» **YOUR ASSIGNMENT**:
Return all the entries below exactly, except for the images they hold.

Short web captions
================
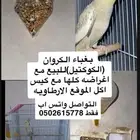 بغباء مروان للبيع مع ملتزماته كلمله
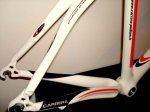 carrera cuadro 1.JPG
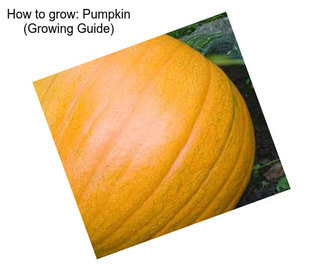 How to grow: Pumpkin (Growing Guide)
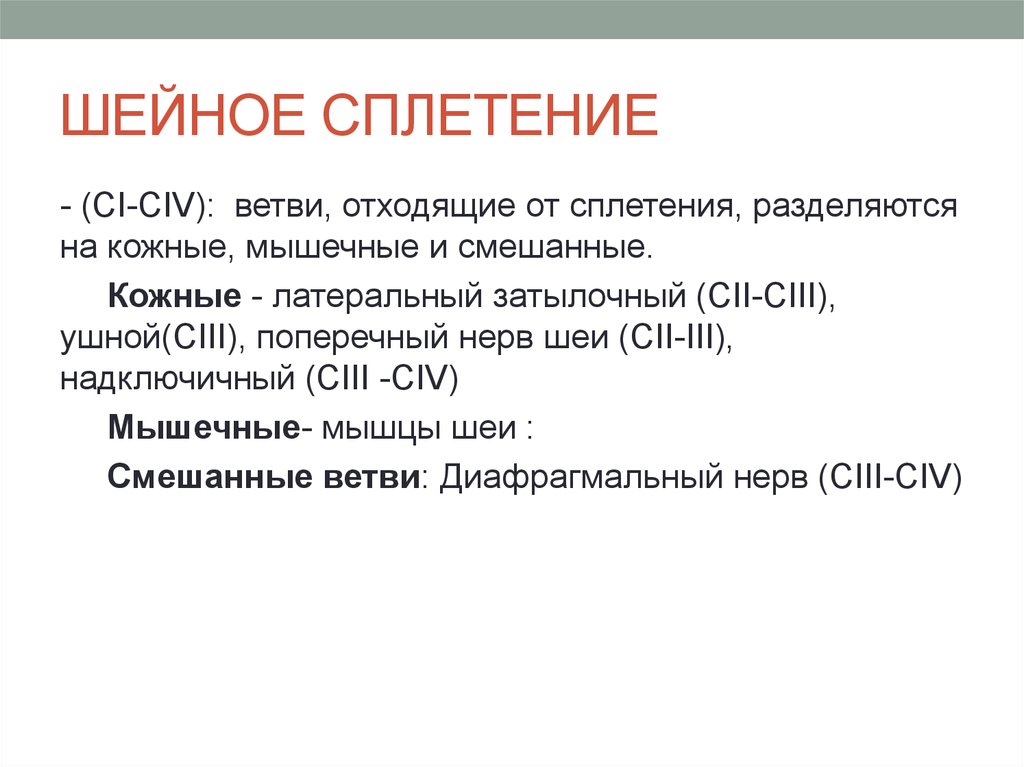 смешанные ветви. шейное сплетение двигательные ветви анатомия. области иннервации нервов шейного сплетения. подзатылочный нерв иннервация. ветви шейного сплетения анатомия.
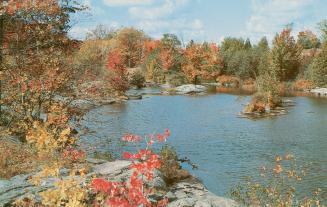Color photograph of trees, rocks and water in autumn.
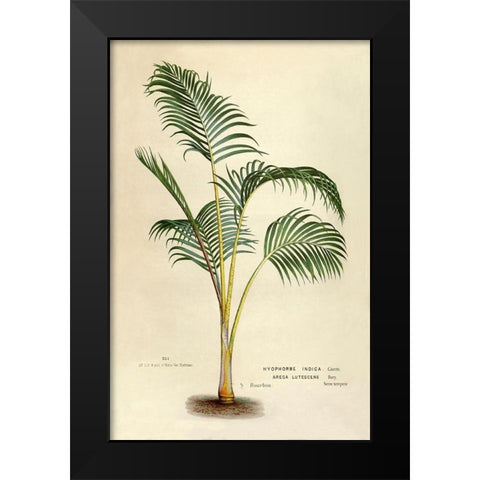 Hyophorbe Indica Black Modern Wood Framed Art Print by Van Houtteano. Horto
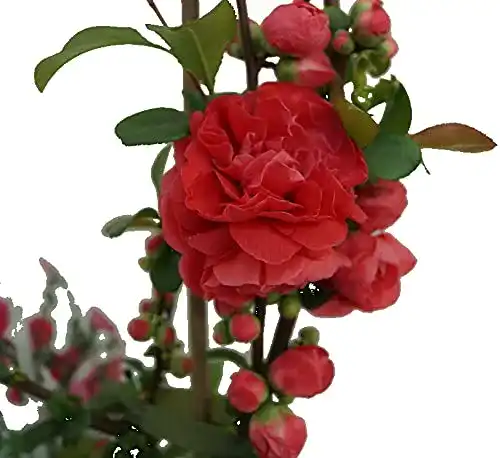 Zierquitte Artländer Pflanzenhof Pink Storm Chaenomeles japonica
================
» **WRITTEN SOLUTION**:
 بغباء مروان للبيع مع ملتزماته كلمله
 carrera cuadro 1.JPG
 How to grow: Pumpkin (Growing Guide)
 смешанные ветви. шейное сплетение двигательные ветви анатомия. области иннервации нервов шейного сплетения. подзатылочный нерв иннервация. ветви шейного сплетения анатомия.
Color photograph of trees, rocks and water in autumn.
 Hyophorbe Indica Black Modern Wood Framed Art Print by Van Houtteano. Horto
 Zierquitte Artländer Pflanzenhof Pink Storm Chaenomeles japonica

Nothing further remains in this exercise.